SWAT Team in Southgate

There was more action in my neighborhood last night than on the big screen.  While John and I enjoyed The Descendants,  I couldn’t lose the thought, what was that helicopter doing?   From the time Cooper got home from school around 4:30 until we left for the movies two hours later, there was a helicopter hovering just west of our house.  At one point, it shifted just enough so we could read “sheriff” on the side of it through our binoculars and camera. This morning’s Sarasota Herald-Tribune solved our mystery.  As Cooper was walking home from school and a half a dozen police cars passed him, that was a SWAT team assembling.  They were setting up shop around the corner because a stand-off was in progress.  A man robbed the Wells-Fargo on the corner of U.S. 41 and Weber Street and was thought to have run home to his house on Bougainvillea Street.  The SWAT team evacuated neighboring homes and surrounded the house for eight hours, but when they finally entered at midnight, the suspect wasn’t inside.

The suspect is 52 year-old James William Holderman.  Part of me is sympathetic toward him because he reminds me of John – a guy who lost almost everything over the past few years – his business, his family and next up was his house.  Unlike John, he was described as being in a downward spiral.  According to neighbor accounts, he was a nice guy who hit hard times and snapped.  But now reports are saying that he was a prior felon; that’s the part that makes me unsympathetic.  Still, I’d hate to judge over media hype.  All I could find online was that he failed to leave his information after causing damage to an unattended vehicle in 2008, but the local papers are saying he’s committed armed robbery before.

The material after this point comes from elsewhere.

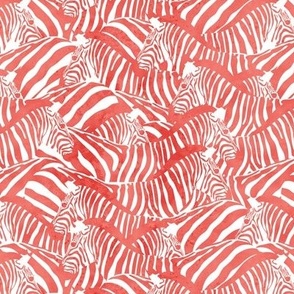 Small scale // Exotic and colourful zebra stripes // watercolour coral animal print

The story of Stephen Trantel comes to mind; he was a stockbroker who didn’t tell his wife he lost his job, instead he started robbing banks to maintain his income.  It’s surprising what people will do when faced with struggle.  It probably surprises the people committing the crimes the most.  The thought, how did I get here, must seep in while you’re threatening a harmless bank teller with a weapon.

These sad, sad stories just pull me further out of my rut.  Times are hard, but they haven’t turned criminal.  On my worst day, I can be thankful for that much.  And as for today, with either a nice guy who made a criminal mistake or an actual armed criminal running loose in my neighborhood, I’ll be keeping the doors and windows locked.